STORED DATA section start

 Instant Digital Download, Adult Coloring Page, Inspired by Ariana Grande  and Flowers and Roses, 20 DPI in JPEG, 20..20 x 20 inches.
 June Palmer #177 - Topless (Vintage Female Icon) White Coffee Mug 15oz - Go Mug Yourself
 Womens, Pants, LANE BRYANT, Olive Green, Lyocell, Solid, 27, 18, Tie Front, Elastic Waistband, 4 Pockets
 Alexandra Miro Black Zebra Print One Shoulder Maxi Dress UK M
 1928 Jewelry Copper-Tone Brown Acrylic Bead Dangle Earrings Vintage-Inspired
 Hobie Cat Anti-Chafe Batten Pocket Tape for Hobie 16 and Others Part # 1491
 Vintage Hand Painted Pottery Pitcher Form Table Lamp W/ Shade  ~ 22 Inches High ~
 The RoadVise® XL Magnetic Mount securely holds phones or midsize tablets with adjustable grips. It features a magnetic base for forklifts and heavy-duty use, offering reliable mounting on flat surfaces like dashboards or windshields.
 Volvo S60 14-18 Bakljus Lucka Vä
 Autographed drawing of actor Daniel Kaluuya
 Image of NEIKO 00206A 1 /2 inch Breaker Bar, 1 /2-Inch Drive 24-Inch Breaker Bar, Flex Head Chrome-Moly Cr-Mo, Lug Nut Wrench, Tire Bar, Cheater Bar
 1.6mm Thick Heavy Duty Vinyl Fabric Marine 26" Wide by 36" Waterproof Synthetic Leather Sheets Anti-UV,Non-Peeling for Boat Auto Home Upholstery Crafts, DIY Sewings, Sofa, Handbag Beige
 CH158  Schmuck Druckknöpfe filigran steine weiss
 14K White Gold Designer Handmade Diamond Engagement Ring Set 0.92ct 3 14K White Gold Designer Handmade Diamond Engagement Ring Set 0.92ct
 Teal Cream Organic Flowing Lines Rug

STORED DATA section end

WORK REQUIRED: Consider the entries above and return each line with the string "Anti".

RESULT BELOW:
 Hobie Cat Anti-Chafe Batten Pocket Tape for Hobie 16 and Others Part # 1491
 1.6mm Thick Heavy Duty Vinyl Fabric Marine 26" Wide by 36" Waterproof Synthetic Leather Sheets Anti-UV,Non-Peeling for Boat Auto Home Upholstery Crafts, DIY Sewings, Sofa, Handbag Beige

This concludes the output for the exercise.